Sábado de la XXIX Semana Ordinaria

Ef 4, 7. 11-16

Ayer oíamos las recomendaciones  de Pablo para ayudarnos a vivir en una unidad que proviene de la unidad de Dios, que es guiada por esa unidad y que a ella nos dirige como a nuestra meta.

Pero no es la unidad «uniformadora» de una serie de realidades idénticas y meramente yuxtapuestas como granos de maíz en una bodega, sino la unidad orgánica, la de una serie de realidades diferentes, que tienen cada una un trabajo que, aunque distinto, va a una sola cosa, al servicio del todo único.  Cada realidad sirve a todas las demás y recibe también de ellas un servicio.  Es una realidad orgánica hecha porque se pertenece al mismo cuerpo y porque se recibe la animación de una fuerza vital.

Pablo usa aquí su comparación favorita, la unidad del cuerpo humano.  Por esto, Pablo nos dice que cada uno debe ir caminando a una realización de perfeccionamiento en Cristo Señor, tal como escuchamos, que «lleguemos a ser hombres perfectos, que alcancemos en todas sus dimensiones, la plenitud de Cristo».

Lc 13, 1-9

La recomendación de Jesús de leer los signos de los tiempos es, hoy, puesta en práctica por El mismo.  Dos acontecimientos trágicos locales han conmovido la opinión pública: uno, una represión política; el otro, un accidente; los paisanos de Jesús, como nosotros, eran llevados a interpretar todo suceso penoso como un castigo de Dios; Jesús nos invita a interpretarlo desde la fe como un llamado a la conversión.

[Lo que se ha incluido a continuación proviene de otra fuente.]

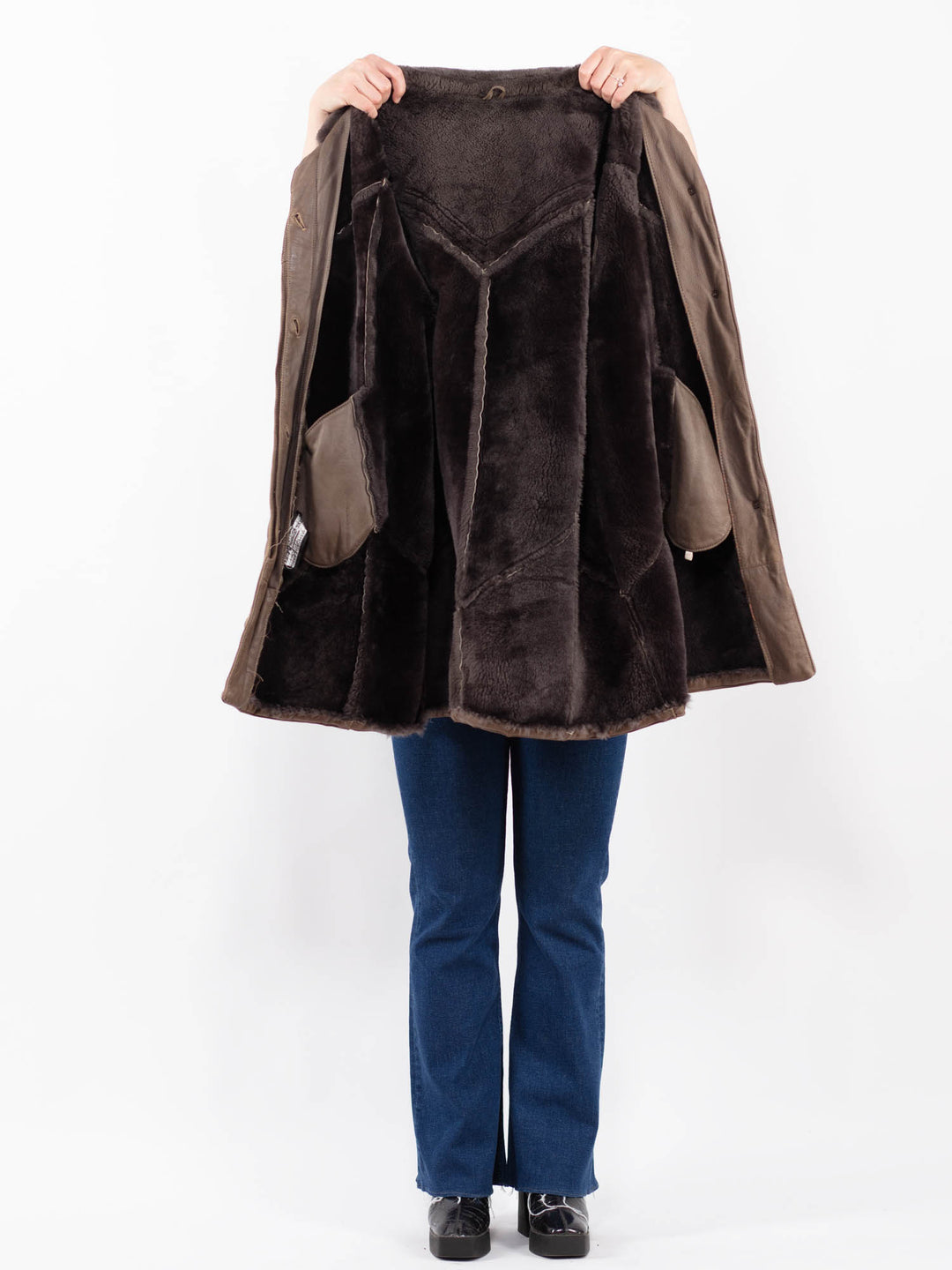 Vintage 90's Women Sheepskin Coat in BrownA0400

Jesús presenta luego en la parábola de la higuera que no daba fruto la misericordia salvífica y paciente de Dios expresada en la actitud del hortelano: «déjala todavía este año; voy a aflojar la tierra alrededor y a echarle abono para ver si da fruto», pero está también la exigencia del fruto: «no he encontrado frutos».

¿He dado al Señor el fruto que El esperaba?  ¿Cuántos años habrá dicho El «déjala todavía otro año»?

Demos buen fruto de este don de la Eucaristía de hoy.